This sort of thing is what dragged down the past work on this. I don't
really agree with the idea this thread is based on, that it was backward
compatibility that kept this from being finished last year. I put a
good bit of time into a proposal that a few people seemed happy with;
all its ideas seem to have washed away. That balanced a couple of goals:
-Allow a "pg_ctl standby" and "pg_ctl recover" command that work
similarly to "promote". This should slim down the work needed for the
first replication setup people do.
-Make it obvious when people try to use recovery.conf that it's not
supported anymore.
-Provide a migration path for tool authors strictly in the form of some
documentation and error message hints. That was it as far as
concessions to backward compatibility.
The wrap-up I did started at
/messages/by-id/4EE91248.8010505@2ndQuadrant.com
and only had a few responses/controversy from there. Robert wrote a
good summary:
1. Get rid of recovery.conf - error out if it is seen
2. For each parameter that was previously a recovery.conf parameter,
make it a GUC
3. For the parameter that was "does recovery.conf exist?", replace it
with "does standby.enabled exist?".
I thought this stopped from there because no one went back to clean up
Fujii's submission, which Simon and Michael have now put more time into.
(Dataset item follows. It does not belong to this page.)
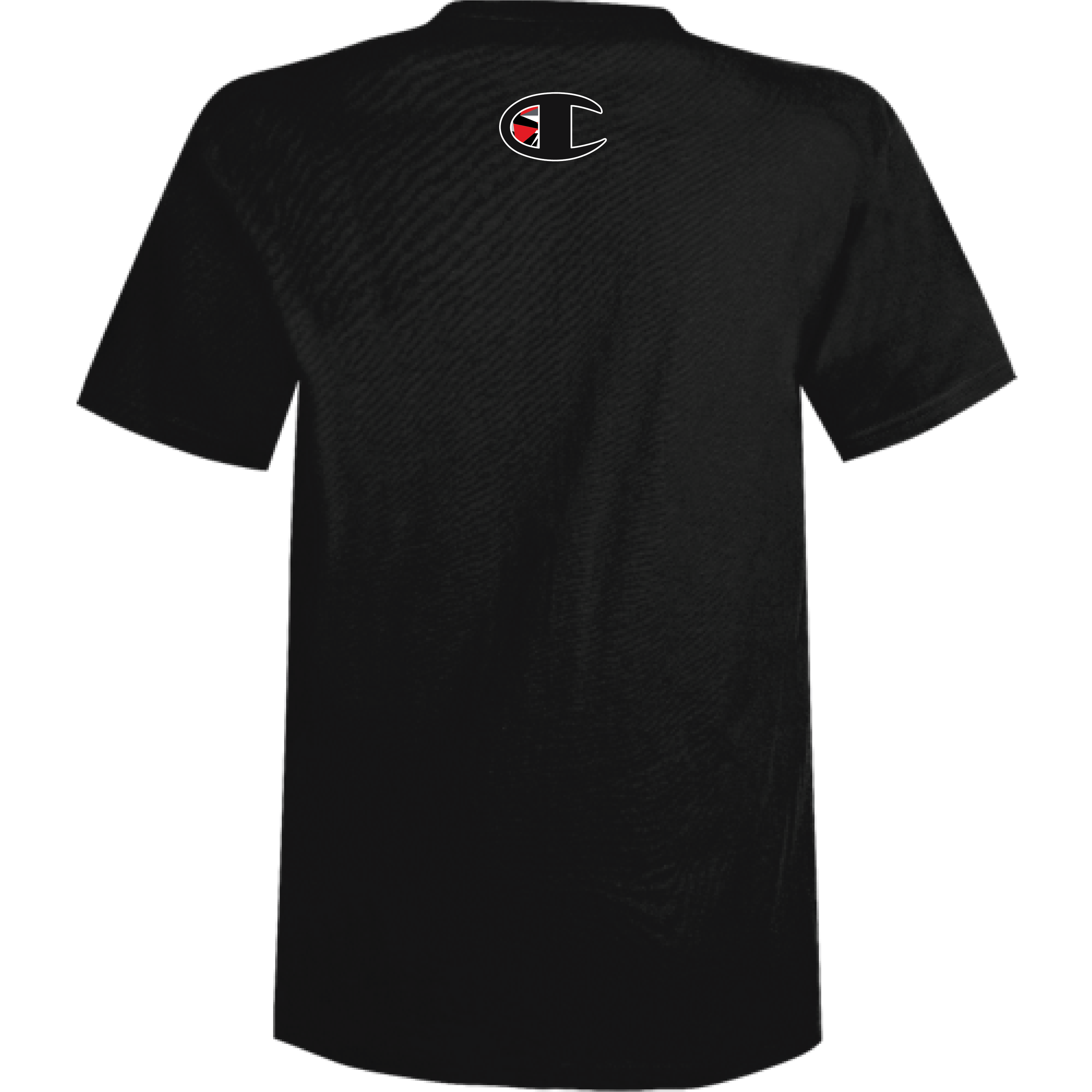 PREORDER Rexzilla - Champion Short Sleeve Tee - [Black]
There is not much distance between it and the last update Michael
sent. Here's the detailed notes from my original proposal, with updates
to incorporate the main feedback I got then; note that much of this is
documentation rather than code:
-Creating a standby.enabled file puts the system into recovery mode.
That feature needs to save some state, and making those decisions based
on existence of a file is already a thing we do. Rather than emulating
the rename to recovery.done that happens now, the server can just delete
it, to keep from incorrectly returning to a state it's exited. A UI
along the lines of the promote one, allowing "pg_ctl standby", should
fall out of here.
This file can be relocated to the config directory, similarly to how the
include directory looks for things. There was a concern that this would
require write permissions that don't exist on systems that relocate
configs, like Debian/Ubuntu. That doesn't look to be a real issue
though. Here's a random Debian server showing the postgres user can
write to all of those:
$ ls -ld /etc/postgresql
drwxr-xr-x 4 root root 4096 Jun 29 2012 /etc/postgresql
$ ls -ld /etc/postgresql/9.1
drwxr-xr-x 3 postgres postgres 4096 Jul 1 2012 /etc/postgresql/9.1
$ ls -ld /etc/postgresql/9.1/main
drwxr-xr-x 2 postgres postgres 4096 Mar 3 11:00 /etc/postgresql/9.1/main
-A similar recovery.enabled file turns on PITR recovery.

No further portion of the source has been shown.